● **Try it**
Copy all the lines of the listing below exactly. Skip the images.

● **Data section**
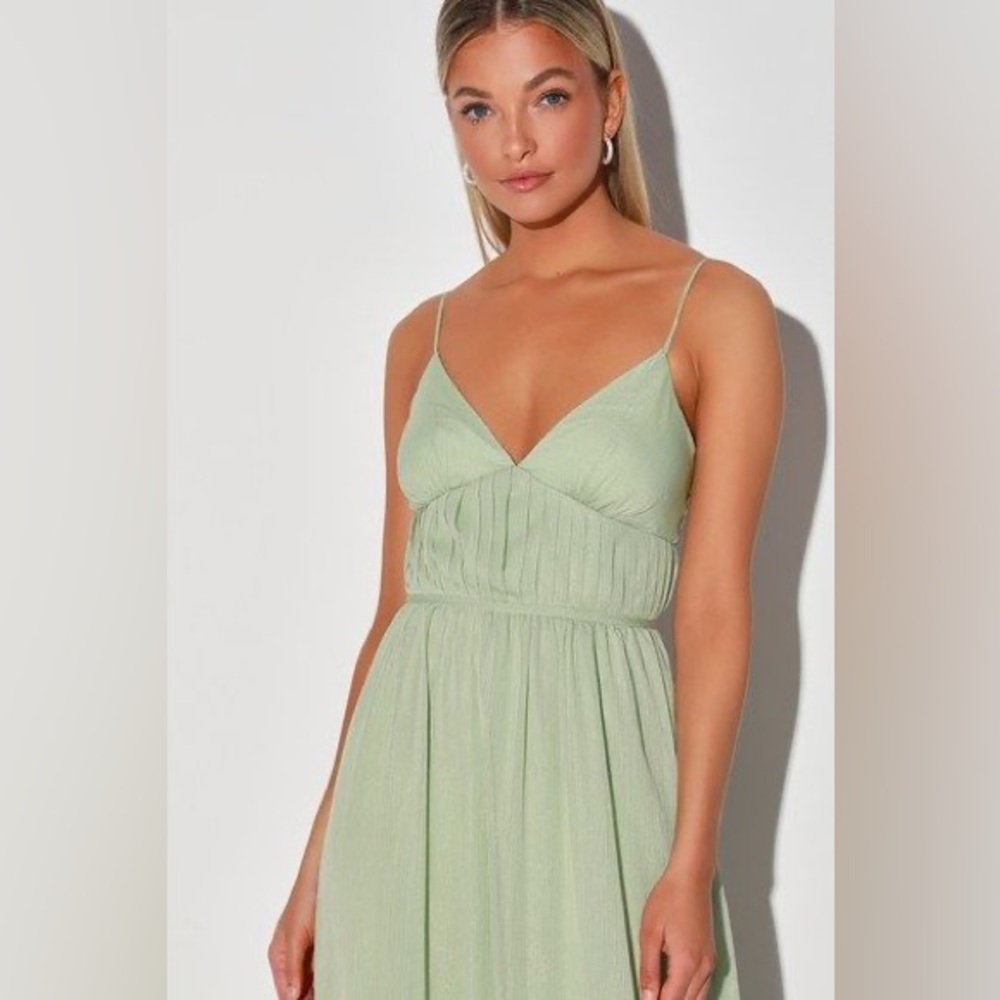 Wayf Sage Green Spaghetti-Strap Maxi Dress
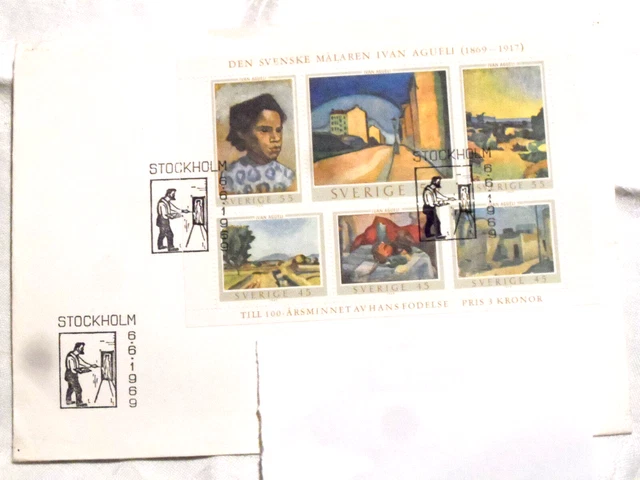 Briefmarken Schweden 1969: 100.Geb. Ivan Aguelli (Ersttagsbrief + postfrisch)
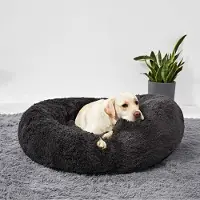 Merkloos Luxe Pluche Huisdierbed met Donutvorm voor Grote Honden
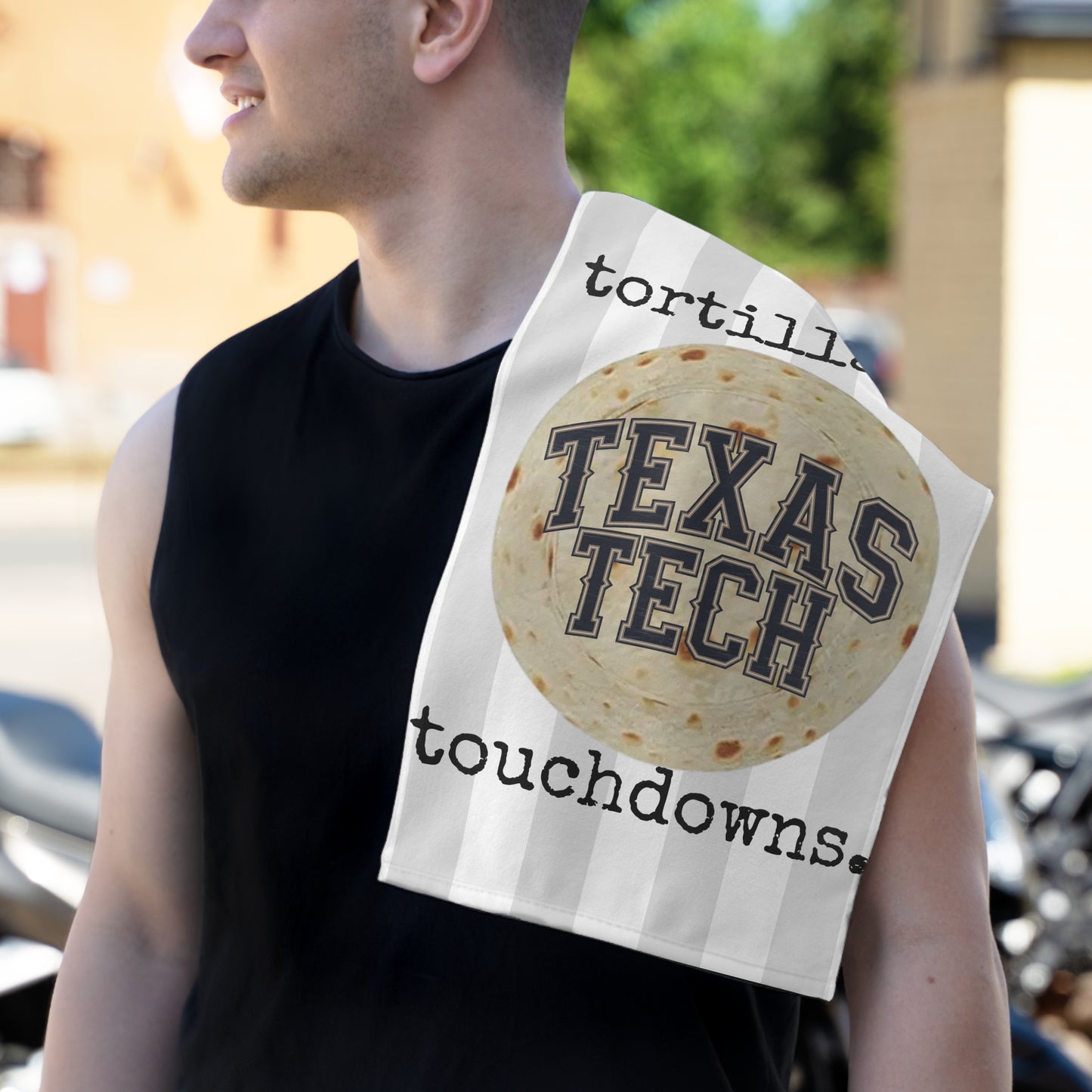 Tortillas & Touchdowns Rally Towel | Texas Game Day Spirit Towel | Funny Football Tailgate Towel | 11x18 Cheer Towel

● **The answer**
 Wayf Sage Green Spaghetti-Strap Maxi Dress
 Briefmarken Schweden 1969: 100.Geb. Ivan Aguelli (Ersttagsbrief + postfrisch)
 Merkloos Luxe Pluche Huisdierbed met Donutvorm voor Grote Honden
 Tortillas & Touchdowns Rally Towel | Texas Game Day Spirit Towel | Funny Football Tailgate Towel | 11x18 Cheer Towel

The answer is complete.